Joseph Mallord William Turner

Basilica of Constantine, with the Campanile of San Francesca Romana, Rome

1819

View this artwork by appointment, at Tate Britain's Prints and Drawings Rooms

Artist
Joseph Mallord William Turner 1775–1851
Medium
Graphite on paper
Dimensions
Support: 114 x 189 mm
Collection
Tate
Acquisition
Accepted by the nation as part of the Turner Bequest 1856
Reference
D16261
Turner Bequest CLXXXVIII 58

Catalogue entry

The remains of the fourth-century Basilica of Constantine and Maxentius stand at the eastern end of the Roman Forum. This vast building, sometimes erroneously called the Temple of Peace, was once used for business and judiciary affairs. The edifice was the largest in the Forum and Turner’s sketch captures the scale of the surviving barrel vaults with their coffered ceilings. The circular shaped object with the architectural detailing on the ground in the bottom left-hand corner is a large section of collapsed ceiling masonry which can still be found in the same position today.
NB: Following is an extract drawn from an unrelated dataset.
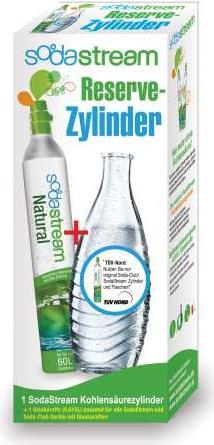 Actual product image SodaStream Rental gas cylinder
On the far right is the campanile of the Church of Santa Francesca Romana.
The Basilica appears in a number of Turner’s sketchbook drawings, see folios 59 verso, 60, 60 verso, 61 and 61 verso (D16262–D16266; Turner Bequest 58a–60a) and Albano, Nemi, Rome sketchbook (Tate D15394; Turner Bequest CLXXXII 51a). It also dominates the right-hand side of Turner’s large oil painting, Forum Romanum, for Mr Soane’s Museum exhibited 1826 (Tate N00504).1

Nicola Moorby
September 2008

1
Martin Butlin and Evelyn Joll, The Paintings of J.M.W. Turner, revised ed., New Haven and London 1984, no.233.